Aunque lo genuinamente mío es el karaoke, yo nunca diré que no a una cámara. Y menos a Televisa, que mi madre no me levantó temprano en el verano del 86 a ver los últimos capítulos de Los ricos también lloran para nada: ese logotipo, tan setentero, impone mucho.
Así que ahí voy yo, entrando por la puerta de los camerinos como si fuera Verónica Castro, dejándome colocar un rizo con espuma, un flequillito con laca, un maquillaje sencillo porque así soy yo. Y dejándome pasar el cable del micrófono entre la ropa como si fuera lo único que hago en la vida.
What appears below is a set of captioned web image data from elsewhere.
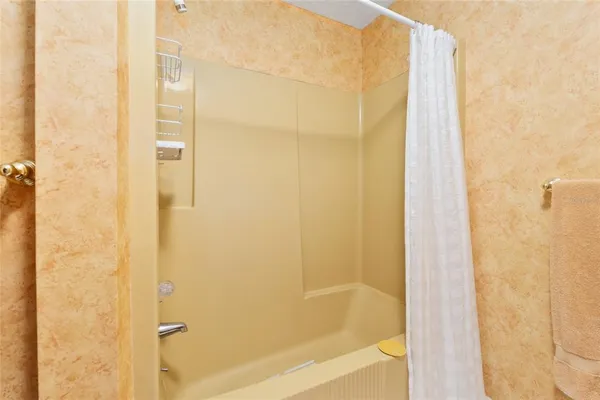 $399,999 | 3925 Southeast 17th Street, Ocala, FL 34471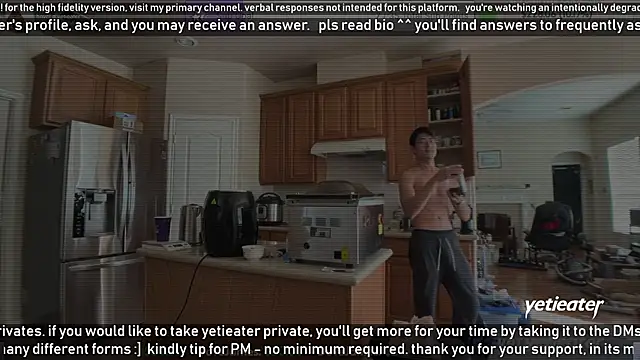 Snapshot of yetieater chatting on 31, 12, 2024 yetieater online show from 31, 12, 2024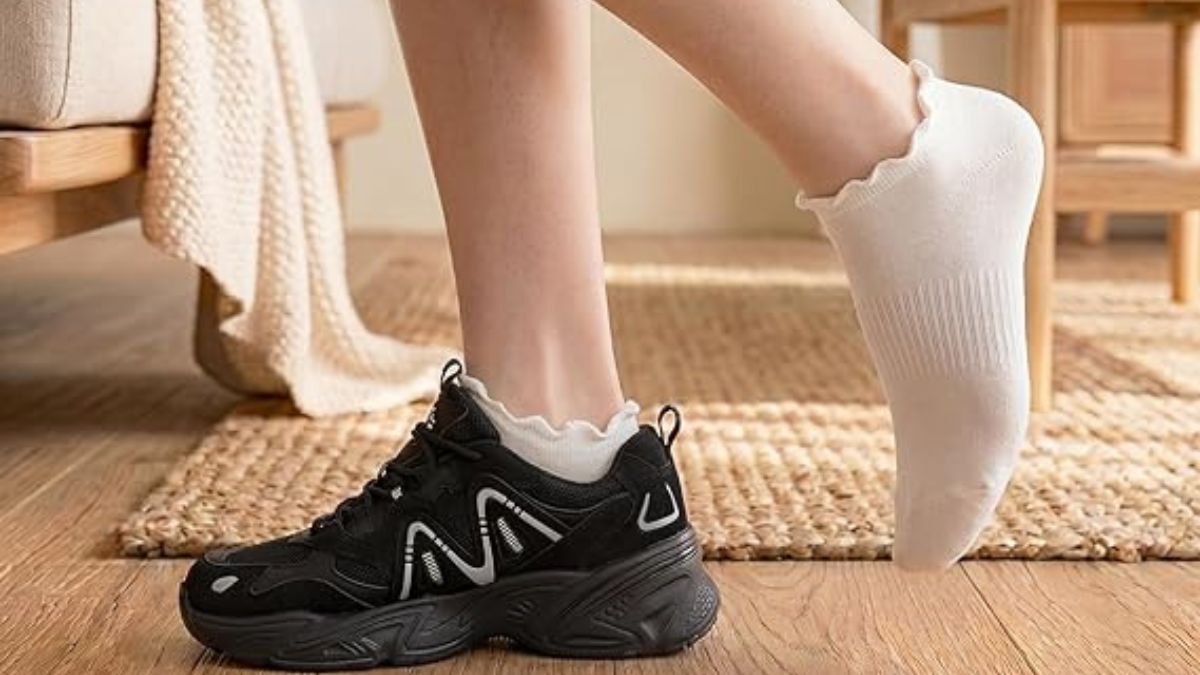 EUFANCE No Show Ruffle Socks: Cute Style Meets Everyday Comfort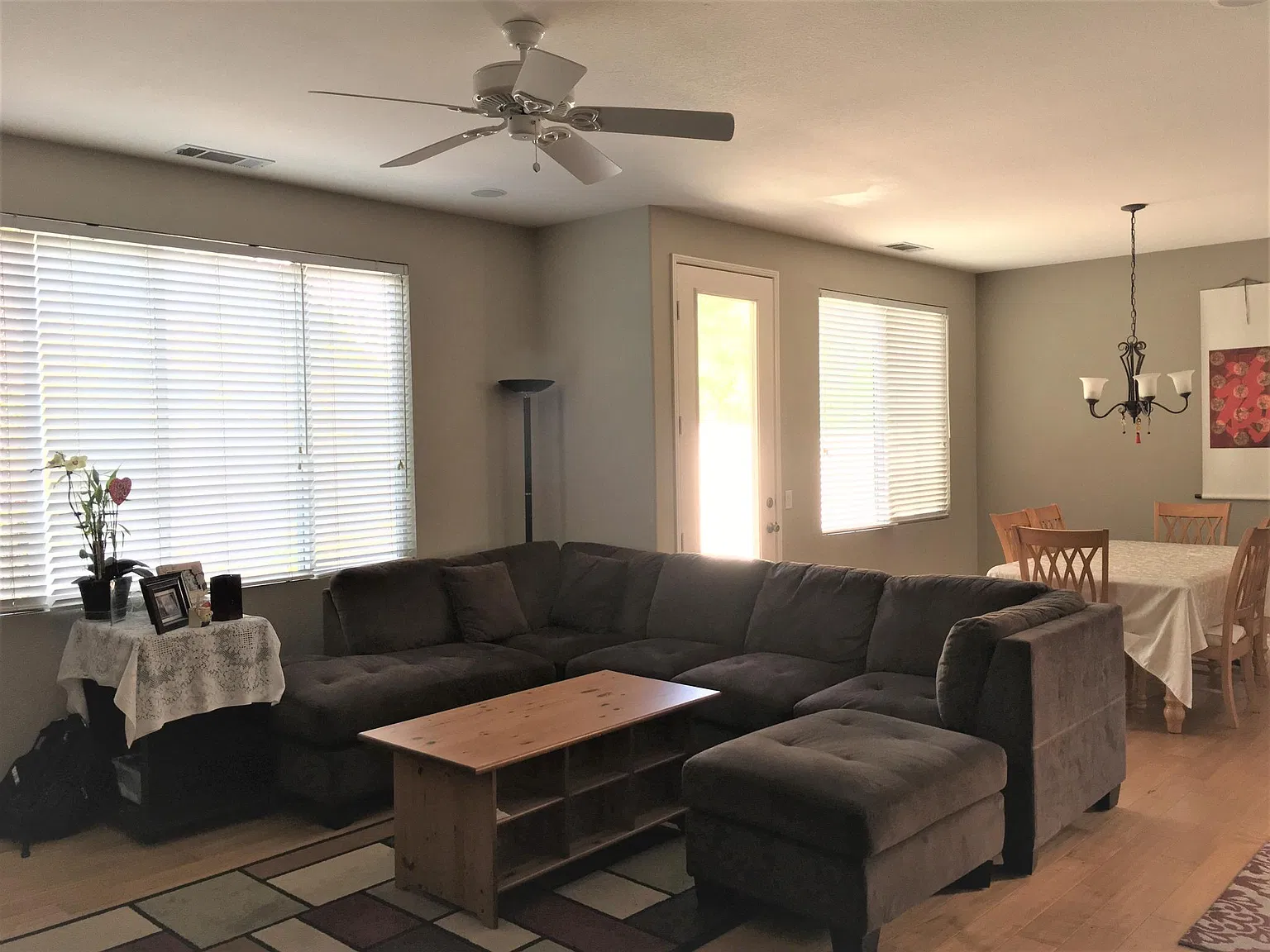 3 bed, 2.5 bath, 1957 sqft, $4,750 — Photo 2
Y, claro, saludando a todos los presentadores como los amigos que son. En la tele, yo me siento como en casa. Luego están los focos, los regidores, el estudio en ebullición, la mismísima cámara enfrente, queriéndome. Una borrachera de vanidad.
Y sí. Porque al día siguiente me veo... y me entran ganas de tocar al piano la Patética de Beethoven. Y de volver a mis letrillas, que al menos puedo pensar dos veces. Esa sonrisita boba que se les pone a los tertulianos complacientes. Qué error más idiota llamar narcotraficante a un camello. Para qué te sirve esa tarjetita con la preparación minuciosa del tema. ¡No hablaste de la copla y los boleros! ¿Pero tú no estabas delgada?
Yo me veo en la tele, en fin, y me hago la misma pregunta que cuando despierto con resaca: hija, ¿por qué llevas las debilidades hasta este límite, con lo inteligente que tú eres?